- _WORK ORDER_
Repeat each entry word for word. Leave any images out of the copy.

- _EXTRACTED RECORDS_
******
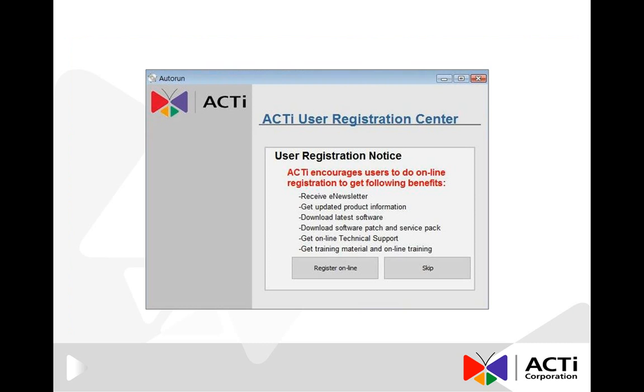After that, you have an option to register online for more benefits. However, you can also skip it for now and do the registration later.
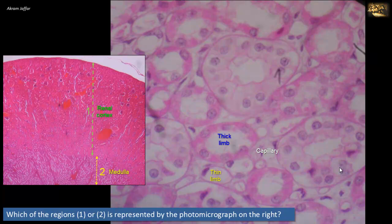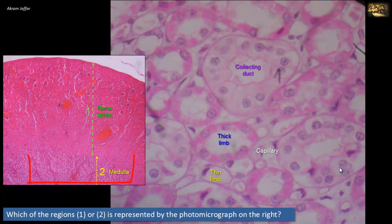There is also an abundance of collecting ducts, lined by cuboidal to tall cuboidal epithelium whose cytoplasm is lightly stained. Lightly stained cytoplasm, in comparison to the loop of Henle, is a differential feature of the collecting ducts. The presence of thick and thin limbs of the loop of Henle, in addition to collecting ducts, with the absence of glomeruli and proximal convoluted tubule profiles, confirms that this slide represents region number two — the renal medulla.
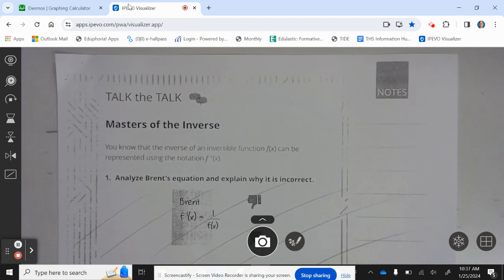You know that the inverse of an invertible function f of x can be represented using the notation f inverse of x.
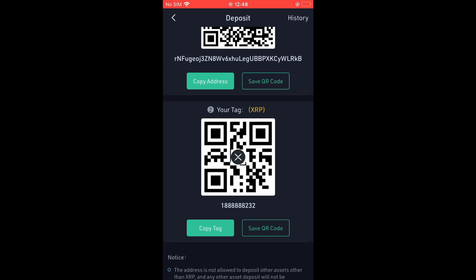Hope you found this video helpful and informative on how to find wallet address on QCoin.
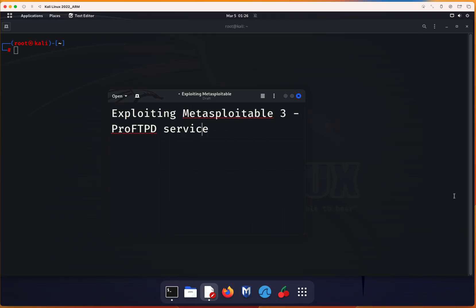Hello everyone and welcome to this new video. In this video, we'll be looking into exploiting Metasploitable 3 with a focus on the ProFTPD service.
******
- _WRITTEN SOLUTION_
After that, you have an option to register online for more benefits. However, you can also skip it for now and do the registration later.
There is also an abundance of collecting ducts, lined by cuboidal to tall cuboidal epithelium whose cytoplasm is lightly stained. Lightly stained cytoplasm, in comparison to the loop of Henle, is a differential feature of the collecting ducts. The presence of thick and thin limbs of the loop of Henle, in addition to collecting ducts, with the absence of glomeruli and proximal convoluted tubule profiles, confirms that this slide represents region number two — the renal medulla.
You know that the inverse of an invertible function f of x can be represented using the notation f inverse of x.
Hope you found this video helpful and informative on how to find wallet address on QCoin.
Hello everyone and welcome to this new video. In this video, we'll be looking into exploiting Metasploitable 3 with a focus on the ProFTPD service.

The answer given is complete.